A baseline is the expected normal operating range for a metric or attribute of a monitor.
The baseline is calculated by collecting the values for a monitor's attributes and performance metrics over a specified time period. Performance metrics are numeric datas and can be looked at in a statistical context. Non-numeric data is used as additional diagnostics to aid in problem isolation. Infrastructure Management collects non-numeric data on demand in the form of diagnostics which are an important part of problem isolation.
Numeric performance data (metrics)
Metrics can be classified as follows:
- Statistical Distribution Types
All performance metrics in the system are described using metadata. The distribution type is important to know how the data is handled downstream when we condense the data and generate baselines of the condensed data.
- Normal Distribution
A large sample of data values follow the typical statistical bell shape curve. Majority of metrics follow this distribution:
- Non-Normal Distribution
Metrics which do not follow the normal distribution are classified as non-normal. Typically these metrics may have values which the normal range. Response time usually follows a non-normal distribution.
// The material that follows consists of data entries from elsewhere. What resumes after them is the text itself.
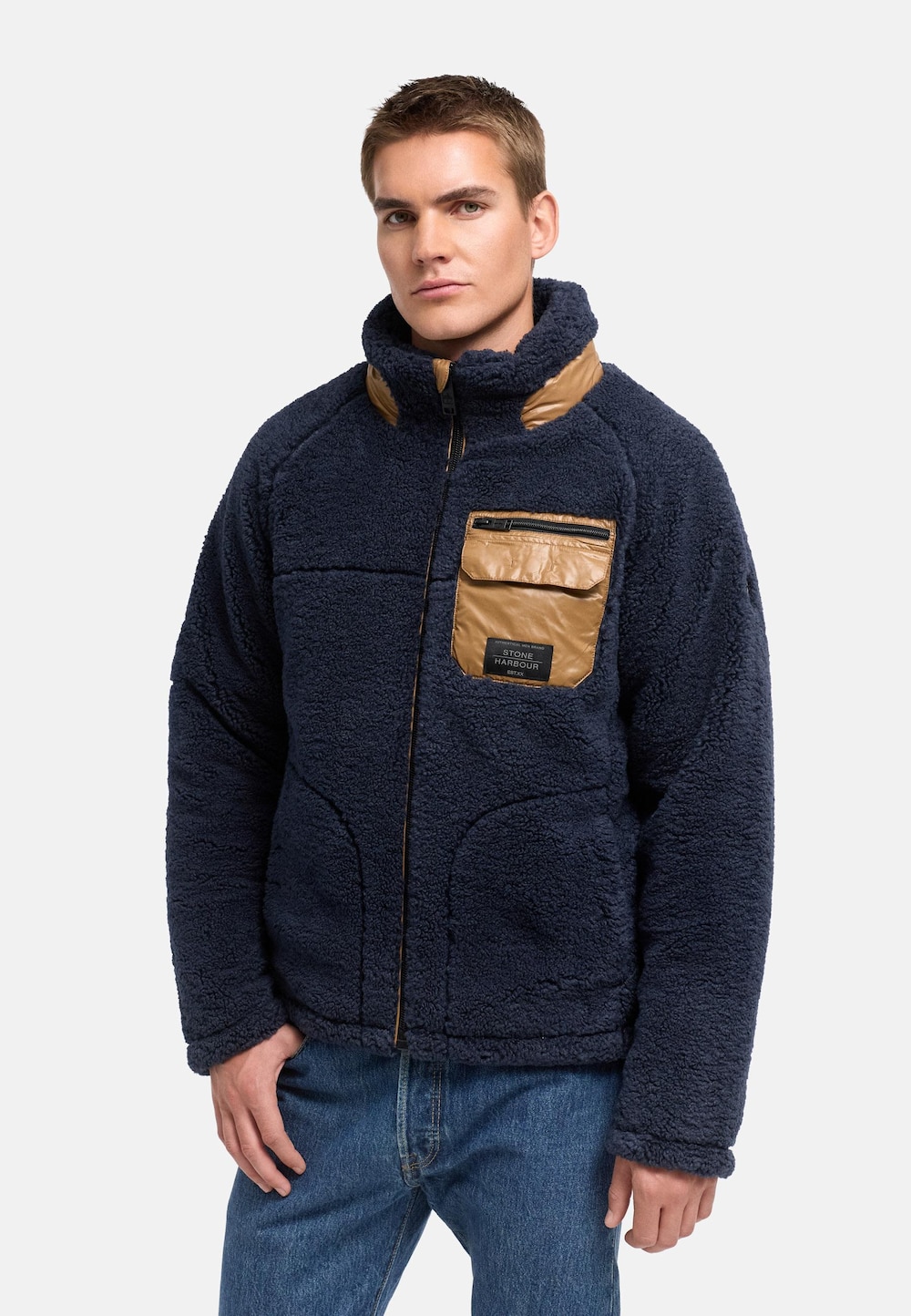 Plüschjacke Sorees XX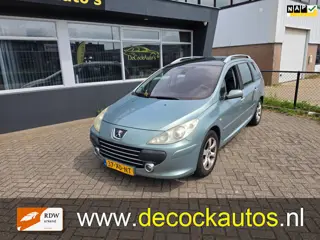 Peugeot 307 SW 2.0-16V Premium/TREKHAAK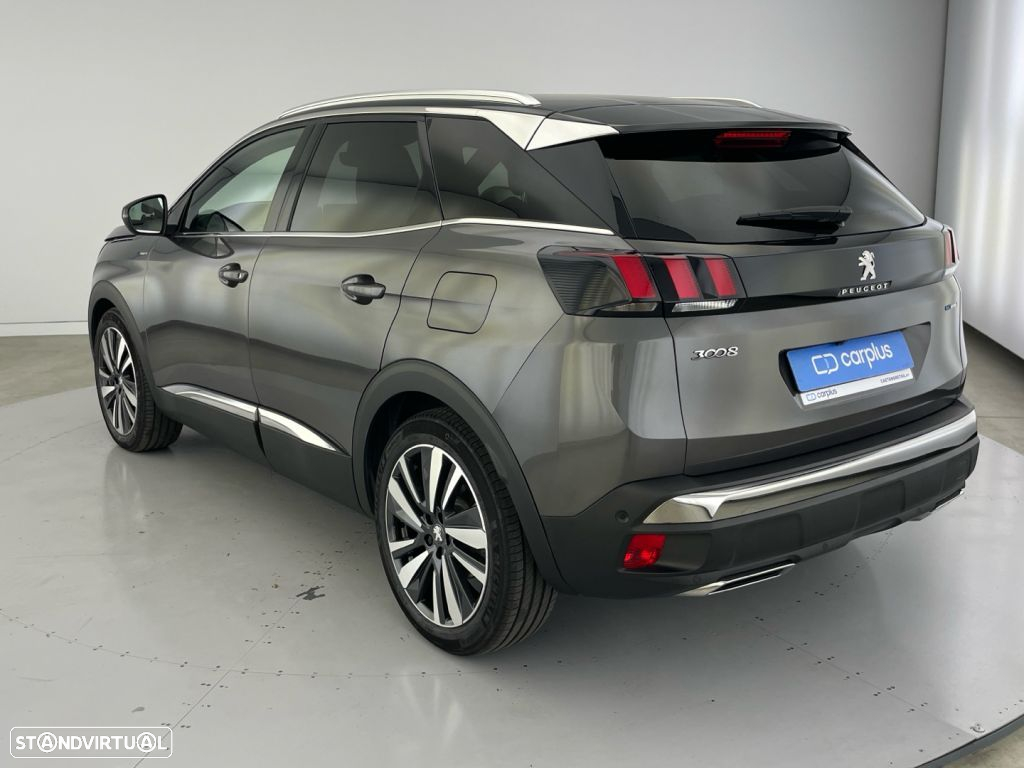 Peugeot 3008 1.6 Hybrid Allure e-EAT8 - 25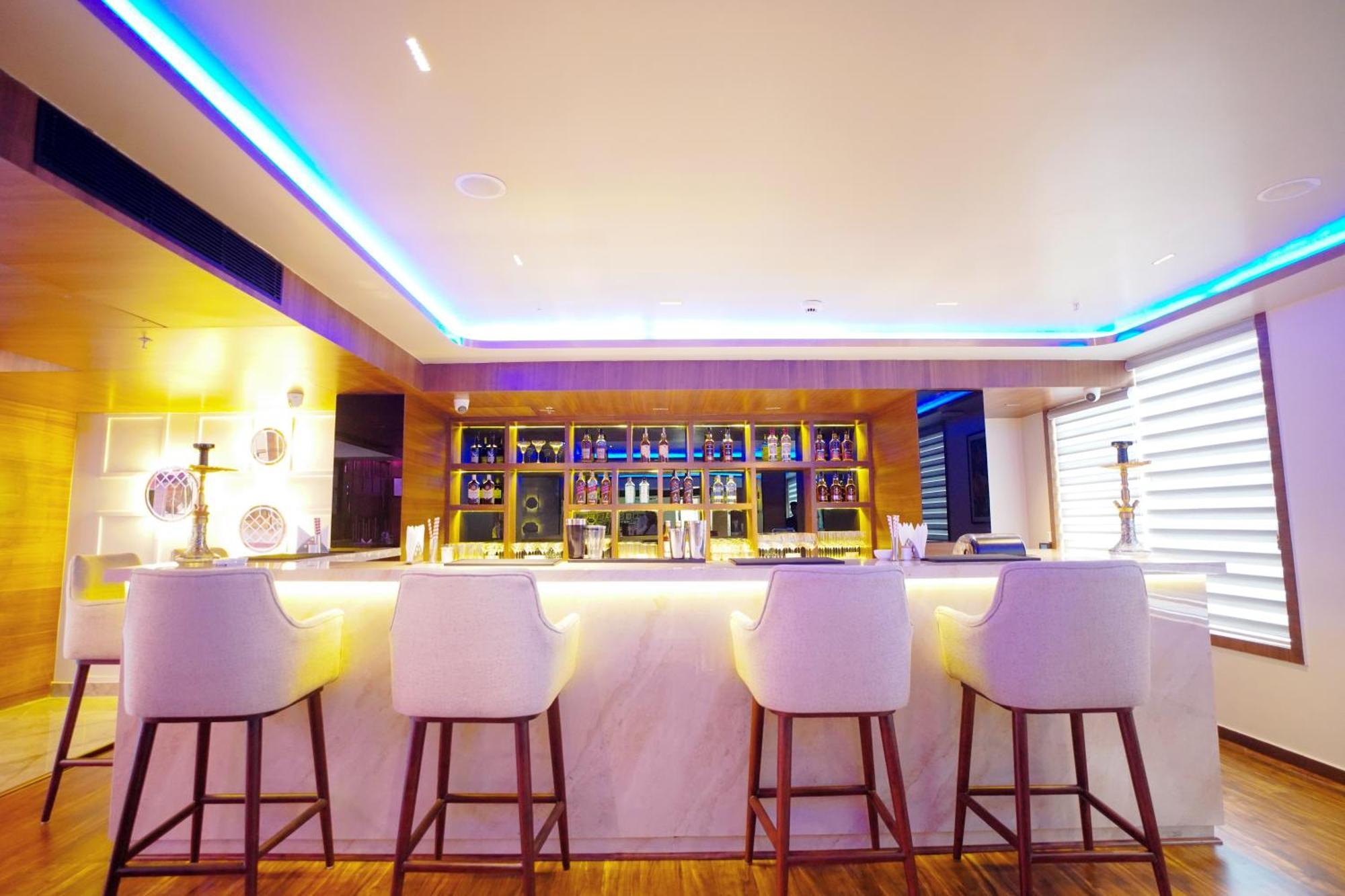 Ishaan Sarovar Portico Deoghar Exterior foto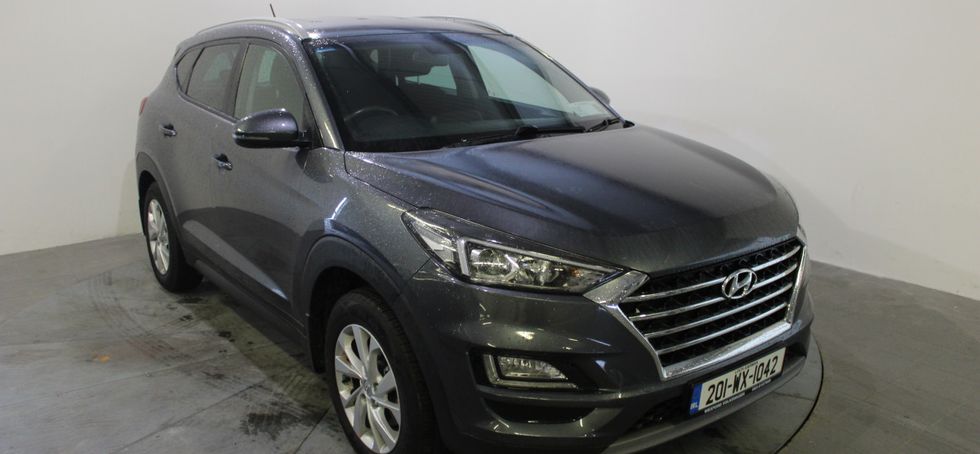 Hyundai Tucson 2020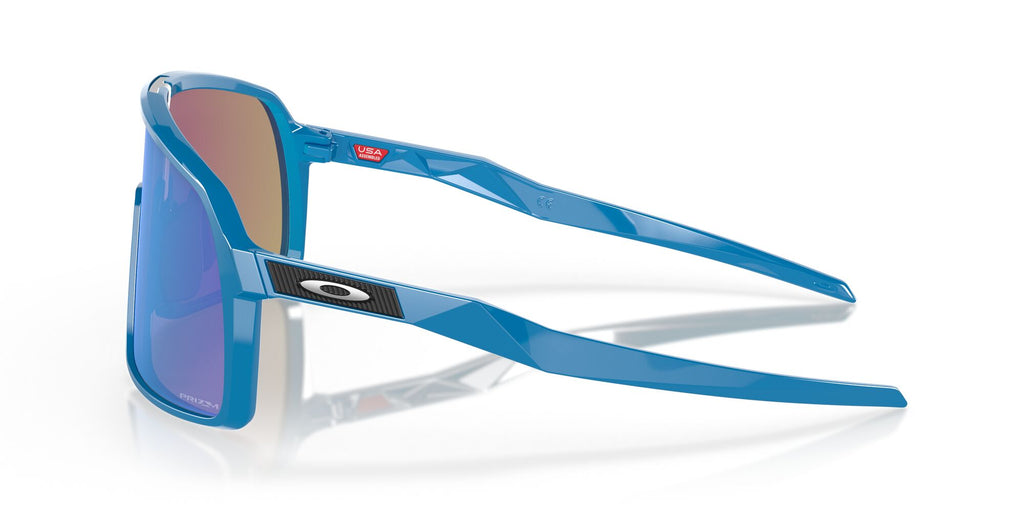 Oakley Sutro 0OO9406 940607 37 Sky Blue / Prizm Sapphire 37 / Polycarbonate / O_matter / Injected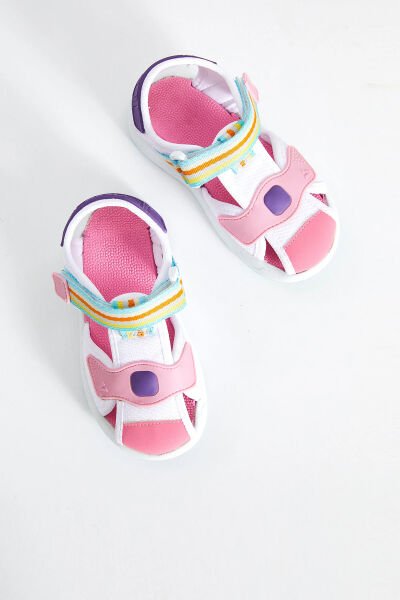 332.B24Y.202 Flow II Sandalet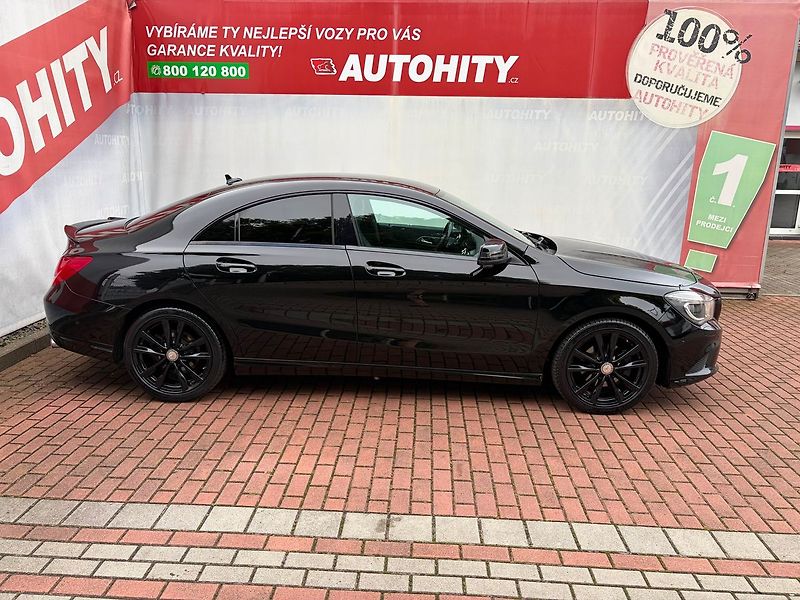 Mercedes-Benz CLA 180 7G, Sport, Navi - fotka 6 z 20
It is the numeric data which is collected by the monitors. This is fed into the Analytical Engine as data streams and is constantly under scrutiny for deviations against the normal operating range.
It is the hourly summary of the raw data. Three values are retained for every hour. 90%tile,median, and 10%tiles are taken as high, mid, and low values for non-normal data in order to ensure an accurate baseline is established off of this condensed data. For normal distribution data we will use the max/avg/min for the three values.
A low baseline value (consisting of the 10th percentile of all the values for a given time period) and a high baseline value (consisting of the 90th percentile of all the values for a given time period), are established taking a weighted average of these values over time. A higher weight is given to the latest data being factored into the baseline average. The accuracy of the baseline improves over time.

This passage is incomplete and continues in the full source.